Io per non togliere la maschera da duro dissi: “Tutto bene! Non è un problema mio se non sa farsi rispettare”.

“Sai sono giovane, non è che potresti aiutarmi?” chiese.

Un po’stranito dalla richiesta risposi; “Io che ci guadagno”.

“Eviti la bocciatura, e avrai un voto migliore in condotta. Dal consiglio di classe la tua situazione è critica”.

Io dissi: “Della bocciatura non me ne frega un cazzo. Men che meno di aiutarti. Ti ho dato retta abbastanza, e solo perché sei figa”.

Noemi mi mandò a quel paese. Io gli dissi: “A pensarci bene, se me lo chiedi scalza sono disposto ad aiutarti”.

“Sei matto, evito di aver sentito”.

“No hai sentito eccome, fammi vedere quei bei piedini che ti ritrovi e nessuno farà più casino”.

Non mi diede risposta, seccata se ne andò.

Il giorno dopo ho fatto del mio peggio e le due ore con lei furono veramente ingestibili. I miei compagni fecero molto casino e lei visibilmente arrabbiata non aspettava altro che la fine dell’ora.

Al termine delle lezioni la affiancai all’uscita e le dissi: “Hai visto di che cosa siamo capaci, bei piedini?”.

Lei mi disse: “Smettila davvero. E poi dove li avresti visti?”.

“Su Instagram è pieno di foto. Immagino quanti ragazzi si seghino su quelle foto”.

Mi piantò una sberla e se ne andò.

Il giorno dopo mi convocò nell’aula professori. Io sono palestrato, biondo e con occhi verdi, potrei pure piacergli, se non per il carattere.

“Giulio, ho pensato alla tua proposta. Se mi tolgo i tacchi e ti mostro i piedi mi prometti che all’ultima ora ci sarà silenzio assoluto?” chiese.

Guardai sotto la scrivania ed aveva un piedino che giocava a restar dentro la scarpa. ma desideroso di uscire. Pensai che Noemi volesse divertirsi e con uno scatto rapido, misi una mano sotto la scrivania e le tolsi la prima scarpa, che immediatamente annusai esclamando: “Che odore di troietta e ora via l’altra se non vuoi che questa scarpa finisca fuori dalla finestra ”. Si tolse l’altra e io li guardai, erano più belli dal vivo. Si vedeva che li curava continuamente anche avvalendosi dell’estetista.

Non dissi nulla per qualche istante. Poi esclamai: “Ti immagini ad entrare scalza nella nostra classe gli sfottò? Qualcuno te li verrebbe ad annusare. E non vuoi vero?”.

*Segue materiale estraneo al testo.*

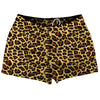 Cheetah Pattern Shorty Short Gym Shorts 2.5" Inseam Made In USA by Tribe Lacrosse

“Ovvio che no, ma ora dammi la scarpa e annusami i piedi, verme” Noemi cambiò tono di voce, sembrava sicura di sé. Mi piaceva questo suo lato dominante.

Chiusa a chiave la porta della sala professori, mi avvicinai a lei, che piedi sulla scrivania si mostrava in tutto il suo splendore. Presi i bei piedini dalle caviglie, li annusai e leccai. Diedi qualche morso alle dita e li misi entrambi sulla patta dei jeans. Lei fece per tirarli via, io di forza li ripresi.

“Per oggi va bene così” dissi.

Nell’ultima ora, tutti in silenzio e Noemi riuscì a spiegare. Al termine della lezione, stranita si avvicinò e mi disse come avevo fatto. Io sorrisi e gli dissi: “Fammi imbiancare, anche solo una volta i tuoi piedini ed il silenzio nelle tue ore sarà normalità”.

Tutta rossa, imbarazzata mi disse: “Ti piacerebbe bastardo” aggiungendo un sorrisino.

“Piacerebbe molo di più a te. Per la prima volta avresti tra i piedi il cazzo di un uomo con le palle, altro dei secchioni che frequenti”.

Non disse nulla, ma era palese che il gioco era appena iniziato.